Erste Group: CEE Macro/Fixed Income Daily

Analysts’ views: 

RO IMF: In a recent interview, chief of the IMF/EU review mission for Romania, Jeffrey Franks, called for prudence over further monetary policy easing, urging the NBR to keep a close eye on inflation.. Although we currently see the 5.5% level of the key rate as appropriate, considering not only the jittery international context but also domestic risks, we do not rule out a continuation of the easing cycle in 1H12 (another 25bp cut in the key rate to 5.25%). Even though we too expect inflation to hit new record lows in the first half of this year (which is in line with the central bank’s view for 1H12), it is worthwhile reiterating that a further slowdown of inflation will mainly be the result of a favourable base effect in 1H12 while the monthly rates of inflation could be elevated. We see EURRON at 4.32 by Dec-12. 

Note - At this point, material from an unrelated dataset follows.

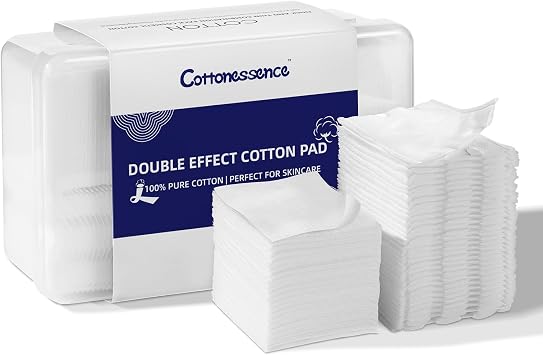 Square Cotton Pads for Face 475 Count - 100% Pure Cotton, Soft Lint-Free Makeup Remover Pads for Facial and Eye Use, Double-Sided Design to Save Water and Hypoallergenic 75 Thick & 400 Ultra-Thin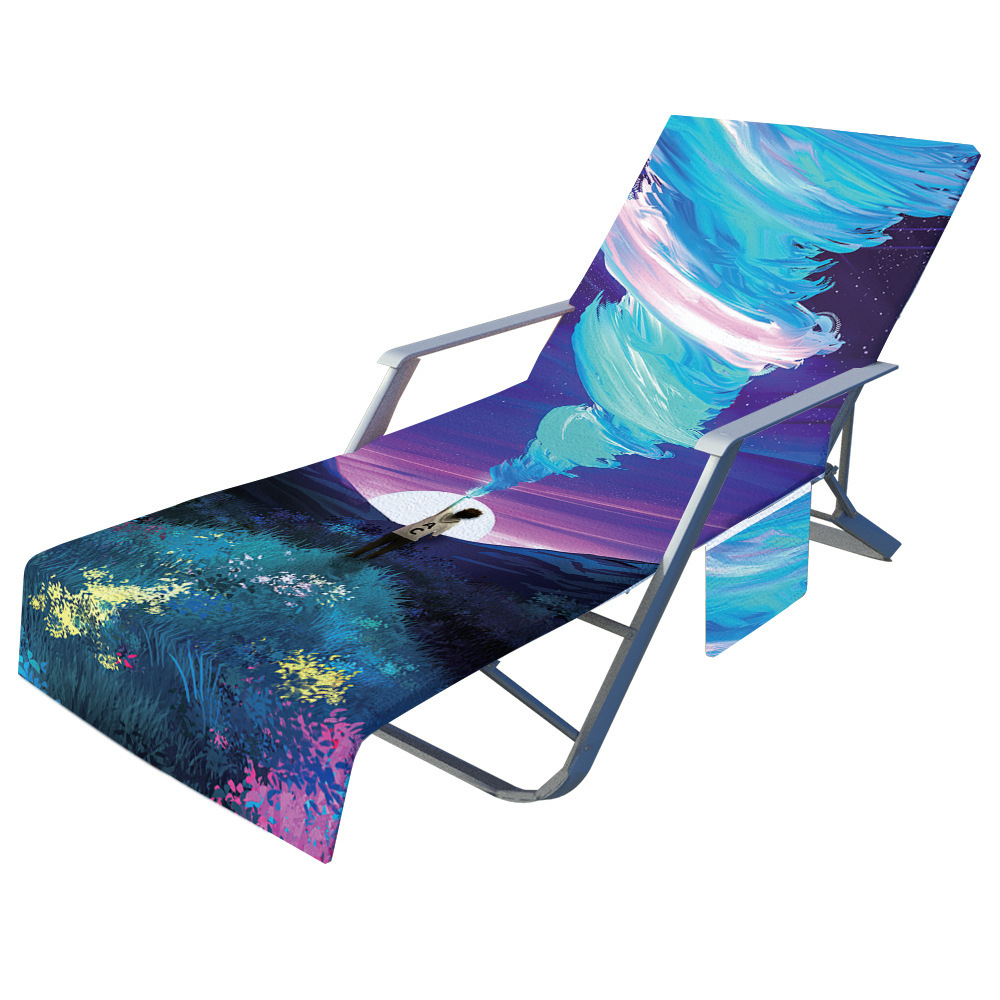 Чехол на пляжное кресло Tie-Dye, шезлонг из микрофибры, полотенце, чехол с карманами для хранения, шезлонг для бассейна, одеяло для отеля и сада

HU Macro: The spring session for the Parliament will be opened today with a change to the criticized laws which are the prerequisite for restarting negotiations about funding from international financial institutions at the forefront of most observers minds. However, these issues are not expected to be on the agenda in the Parliament this week. MP Antal Rog?n said on Saturday that it would be beneficial if first the European Commission in Brussels forms an opinion on the bills and they then go to parliament after that. He added that an agreement with the EU is possible on the three issues and Hungary could start formal talks with the European Union and the IMF in early March with an agreement being reached by the middle of the second quarter. We expect bond yiels to correct upwards from here towards 8.8% and the HUF to weaken to around EURHUF 300 before resuming a strengthening trend in the summer.  

Traders’ comments: 

CEE Fixed Income: CEE capital markets were unsurprisingly tense going into the weekend, ahead of the parliamentary vote in Greece. Even though the probability of a vote against the revised austerity package was low, it was nonnegligible and the negative consequences would have been enormous. As such, liquidity dried up as some market participants decided to take some chips off the table. This was compounded by weaker than expected consumer confidence in the US but the magnitude of the moves suggests that confidence in CEE markets remains intact. Indeed, international accounts were taking advantage of jumpy local sellers, buying on dips in Polish Eurobonds, which helped contain the sell-off. Hungary, as one would expect, was the underperformer but more telling with respect to underlying sentiment were opportunistic buyers in Croatian Eurobonds and the drop in yield at the shortend of the Romanian Eurobond curve. That said, given the severity of a sell-off that a no-vote would have generated, there was no real safe-haven bid in CEE with Czech bond yields also up by 5 – 9 bps following an overhang on the offered side. Another sign of the relative resilience in CEE was seen in the derivatives. The XOver widened 30 bps on Friday, the SovX CEE only 7 bps. Early indications are that CEE will benefit from the relief that the Greek parliament passed the budget on Sunday. CEE FX are already stronger this morning, led by quite a large move in CZK. A tightening of 17 bps in the XOver bodes well for the SovX CEE. Statements from Gergely Gulyas, a leading Hungarian lawmaker, that changes to legislation demanded by the European Union’s executive will be enforced by March, will likely also support a rebound in today’s trading session.